France Bestows Legion of Honor on Philp Roth
Philip Roth may be retired, but his contributions to the literary world are still being recognized. On Friday, French Foreign minister Laurent Fabius presented him with the Commandeur de l'Ordre de la Légion d'Honneur, or the Commander of the Legion of Honor, at a ceremony in New York at the French Embassy. Roth has had ties to France for a long time, not least because his first short story was published in The Paris Review.
Fabius praised Roth for his 'art of storytelling, your irony and self-depreciation, which is not typically French,' he said. 'You have enjoyed immense success in France.' Fabius spoke of Roth’s place on the literary map, sitting next to great French writers like Celine and foreign writers who have been influenced by French literature such as Dostoevsky. 'You have always enjoyed confusing the public…blurring the lines between fiction and reality,' said Fabius to Roth.
Created by Napoleon Bonaparte in 1802, the Legion of Honor was intended as “a reward to commend civilians and soldiers”. Normally, membership of the Legion is reserved for French citizens, but it is sometimes awarded to “foreign nationals who have served France or the ideals it upholds”.

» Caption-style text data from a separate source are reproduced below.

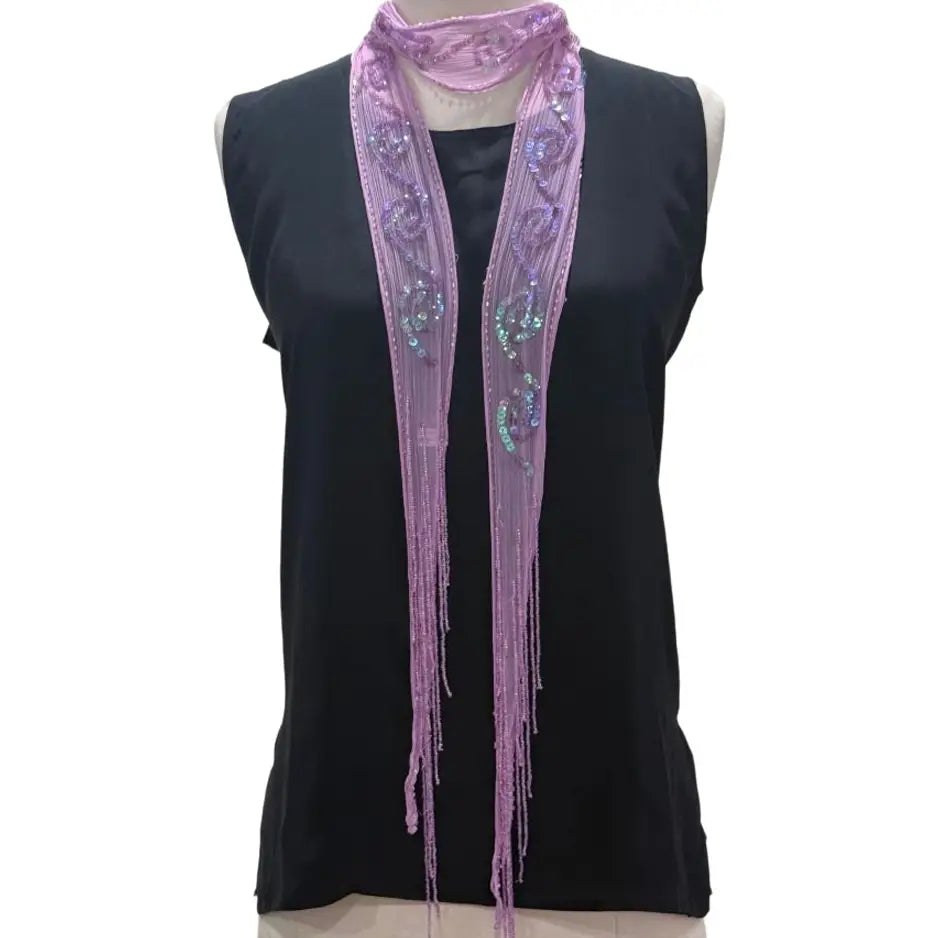 Sequin Skinny Scarf Purple 0526 001
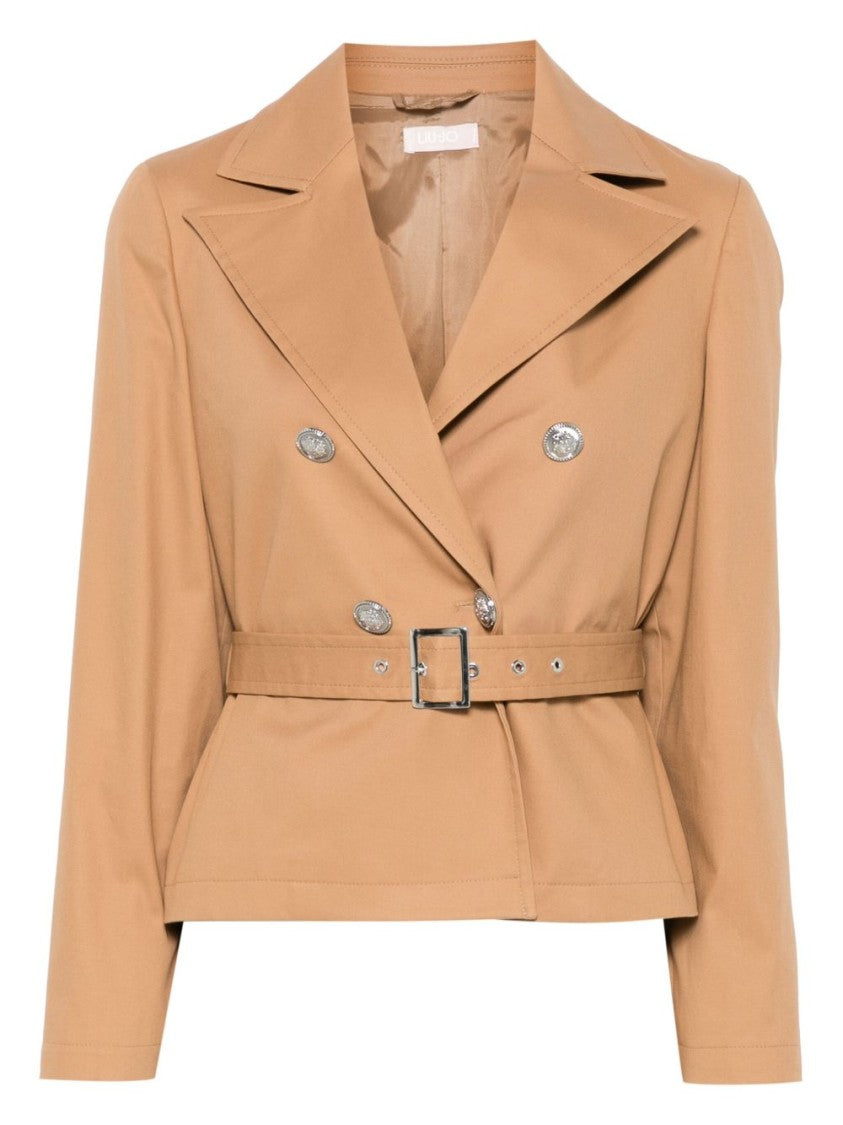 Liu Jo Double-Breasted Beige Trench Coat With Tailored Silhouette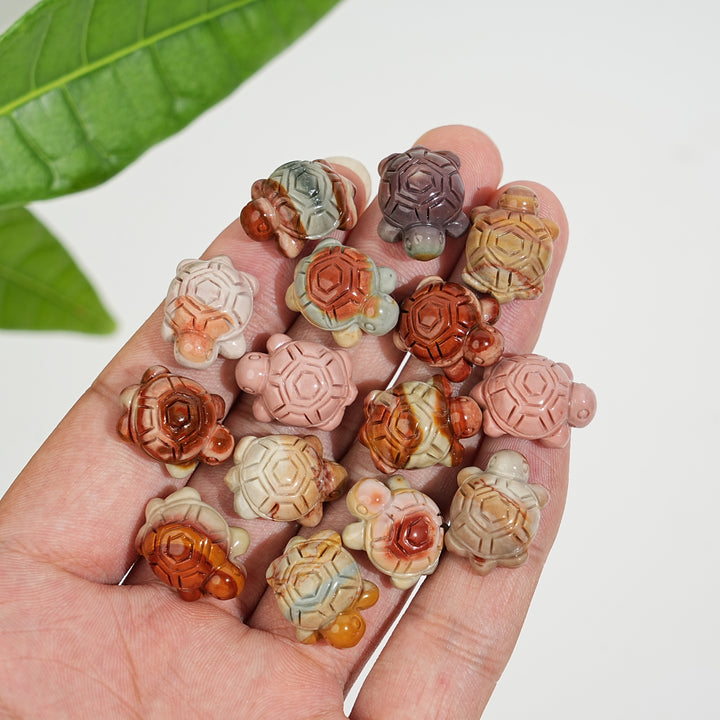 Natural Crystal Alashan Agate Turtle Carving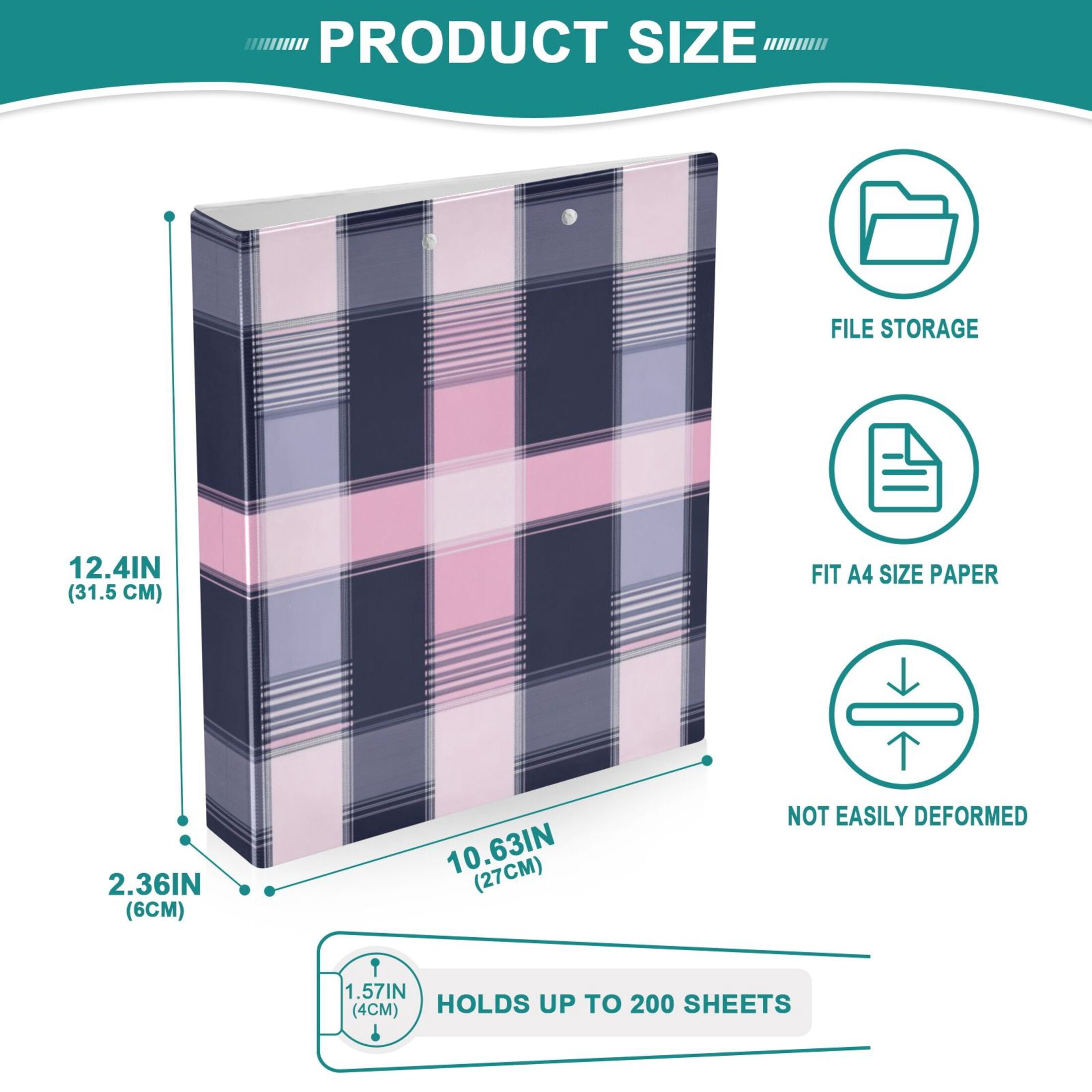 Pink and Navy Blue Lattice 3 Ring Hardcover Binders 1.5in Round Rings for Letter-Size Folder Paper Organizer Pockets for Office Student Recipe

'This highest honor is a wonderful surprise,' Roth said. Then, speaking in French, he said that he was 'absolutely delighted.' Roth accepted the award explaining the long influence that France played in his life. French was the first foreign language that he had studied. Though he never did master spoken French, French fiction played an important role in Roth’s life. He taught comparative literature for many years.
Fabius concluded by saying: “France is giving you back what you have given to my country.” Is it deserved? I’d say so.